Saya yakin SBY tau persis implikasi dari pernyataannya tadi. SBY pasti memegang data yang valid tentang elektabilitas ke 3 pasangan calon. Kalau trennya menguntungkan anaknya, SBY tidak perlu sampai harus melakukan manuver dan membuat statement seperti tadi. Tetapi, karena dia sudah mendorong anaknya maju dalam pilkada Jakarta, maka SBY “terpaksa” menempuh tindakan politik ini.

Bagaimana harapan SBY terhadap aksi 4 November nanti?

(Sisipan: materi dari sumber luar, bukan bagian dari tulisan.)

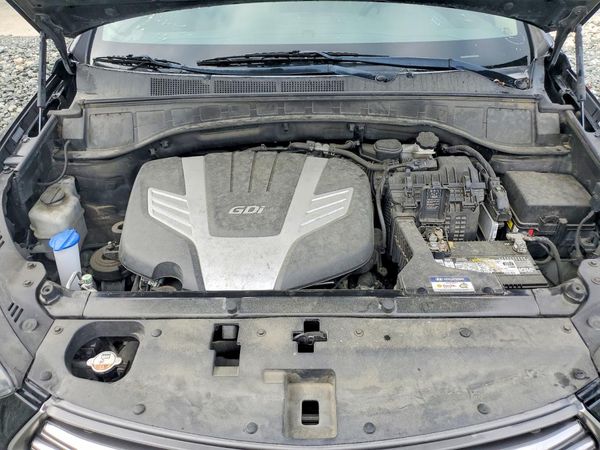 2017 HYUNDAI SANTA FE GLS — Engine bay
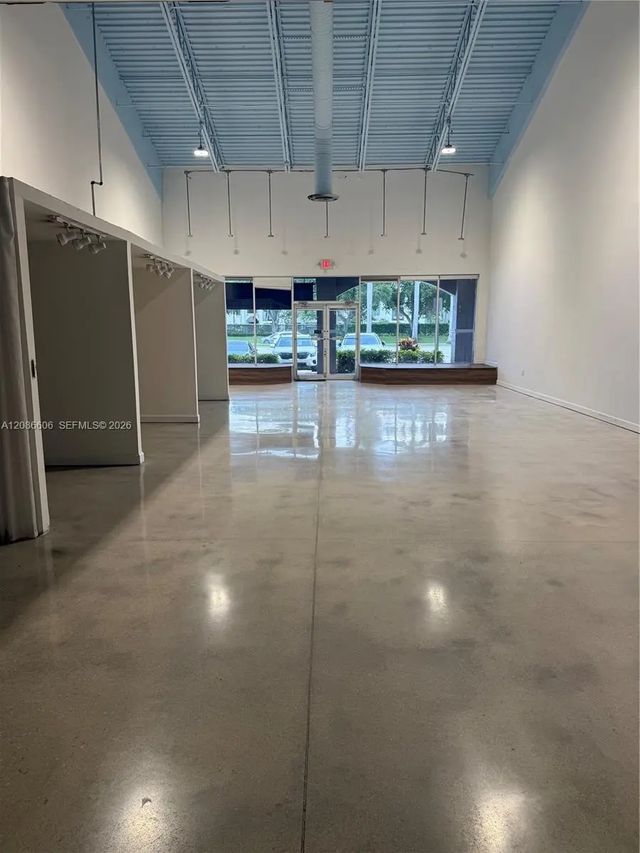 2 of 5 - N/A, Doral, FL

Saya yakin SBY jujur dengan harapannya agar aksi 4 November berjalan damai. Dia bukan hanya ingin, bahkan berupaya agar aksi berjalan dengan tertib, aman dan damai. Sebab jika tidak, maka situasi itu akan berbalik merugikan dirinya (dan Agus tentunya).

Aksi demonstrasi nanti konon diperkirakan akan diikuti oleh puluhan bahkan ratusan ribu massa. Aksi dengan jumlah masa yang begitu besar, maka dibutuhkan profesionalisme aparat keamanan yang tinggi. Tapi kita bisa membantunya, dengan cara masing-masing menahan diri. Menahan diri bukan berarti takut, sebaliknya bersikap terlalu berlebihan bisa memprovokasi keadaan. Situasi sudah demokratis, yang dibutuhkan adalah keberlanjutan pembangunan ekonomi yang adil.